- YOUR GOAL
Your task is to restate word for word the lines in the material below, from the one with "mri-scan-brain" up to and including the one with "Liposuction before at". Do not carry over the pictures.

- INFORMATION GIVEN
──────────────────────────────

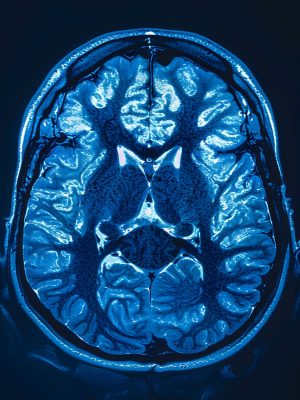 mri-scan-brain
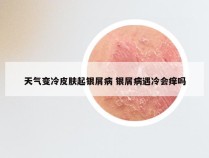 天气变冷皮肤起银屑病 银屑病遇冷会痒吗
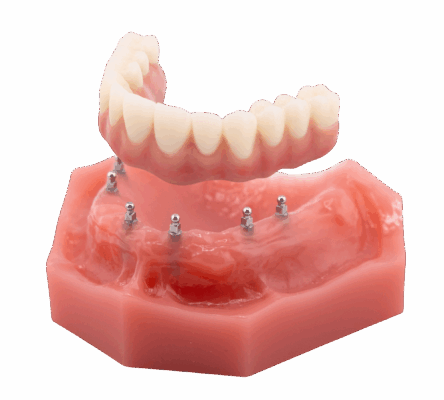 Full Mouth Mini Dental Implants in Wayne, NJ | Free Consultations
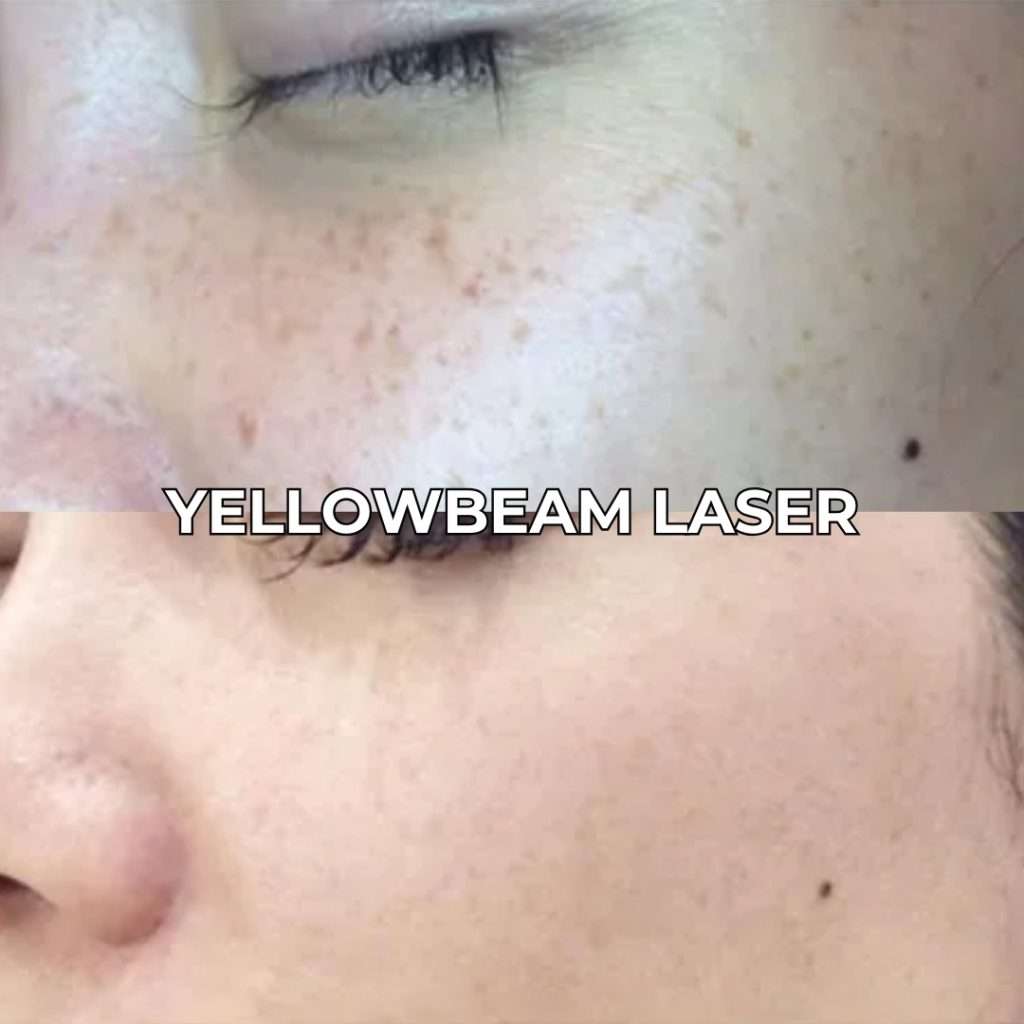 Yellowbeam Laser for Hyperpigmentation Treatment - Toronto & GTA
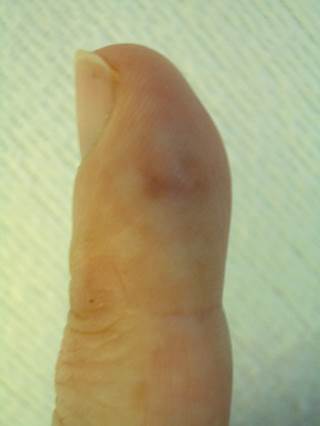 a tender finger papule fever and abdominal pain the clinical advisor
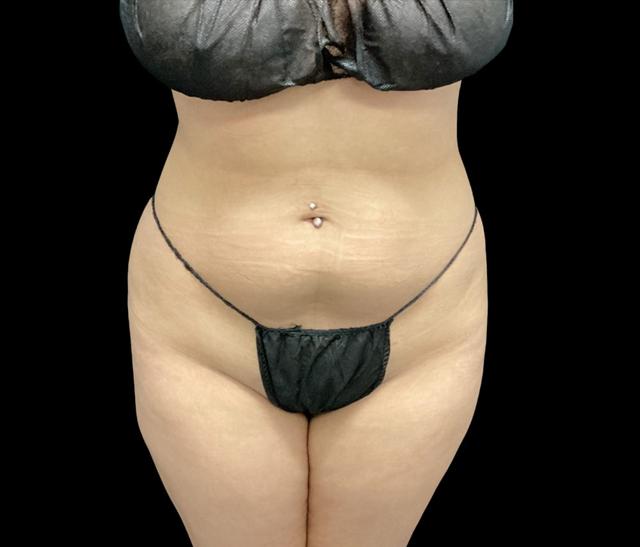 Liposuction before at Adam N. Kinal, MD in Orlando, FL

──────────────────────────────

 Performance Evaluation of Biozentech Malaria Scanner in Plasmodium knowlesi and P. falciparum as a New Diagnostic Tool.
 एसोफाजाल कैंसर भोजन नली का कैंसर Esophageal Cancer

──────────────────────────────

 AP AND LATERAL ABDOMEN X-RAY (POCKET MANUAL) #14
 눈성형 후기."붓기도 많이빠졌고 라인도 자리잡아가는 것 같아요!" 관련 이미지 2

──────────────────────────────

- RESPONSE AREA
 mri-scan-brain
 天气变冷皮肤起银屑病 银屑病遇冷会痒吗
 Full Mouth Mini Dental Implants in Wayne, NJ | Free Consultations
 Yellowbeam Laser for Hyperpigmentation Treatment - Toronto & GTA
 a tender finger papule fever and abdominal pain the clinical advisor
 Liposuction before at Adam N. Kinal, MD in Orlando, FL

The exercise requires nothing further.